This invention relates to a device for encoding a pattern or picture, such as at least one hand-printed letter or a drawing, by predictive encoding. A pattern encoding device according to this invention is well applicable to a transmitter of a facsimile transmission system.
It is general on encoding a pattern into an encoded signal together with a background of the picture to resort to predictive encoding wherein correlation between successive information pieces, such as picture elements sampled from the pattern and the background, is utilized in order to compress the bandwidth or the amount of the encoded signal to be transmitted from a transmitter to a receiver or receivers and thereby to make an effective use of a transmission channel as regards both frequency and time. On the other hand, it is already known to pre-process the pattern with a view to achieving a higher compression ratio and consequently a higher transmission speed.

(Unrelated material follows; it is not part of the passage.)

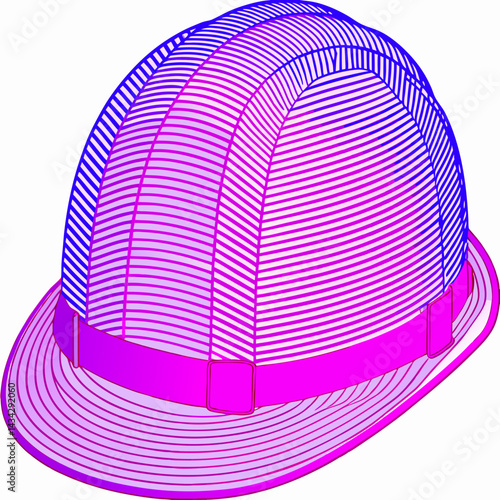Construction Safety Helmet With Purple Straps For Builders And Factory Workers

Thinning is an advantageous pre-processing scheme when an original pattern consists of at least one original line having an original line width of from one to several picture elements. According to the thinning process, such an original pattern is thinned in the transmitter into a thinned pattern consisting of at least one thinned line, each having a thinned line width of substantially one picture element and being representative of a skelton or a medial line of each original line. The thinned pattern as called herein is not visible but is represented by a pre-processed signal, which is encoded into an encoded signal, such as a run-length code signal, for transmission to the receiver or receivers. In the receiver, a signal representative of the thinned pattern is recovered from the encoded signal. The thinned pattern thus recovered is thickened into a reproduced or reconstructed pattern that is similar to the original pattern to a certain extent of faithfulness.
Thinning, however, is not always advantageous. Not a few original or unthinned patterns have to be encoded directly without thinning when the patterns reproduced in at least one of the receivers should be as faithful to the original patterns as possible. It is therefore desirable that a pattern encoding device be capable of encoding a variety of patterns selectively with the thinning process utilized to attain a higher transmission speed and without using the thinning process to thereby insure reproduction with a best possible degree of faithfulness.
As will later be described in detail with reference to a few of several figures of the accompanying drawing, different prediction rules or algorithms are necessary in a device for carrying out predictive encoding selectively for a thinned and an unthinned pattern. A conventional device for encoding information by predictive encoding, however, is operable in accordance with only one prediction rule. It has therefore been impossible to achieve predictive encoding selectively for the thinned and the unthinned patterns.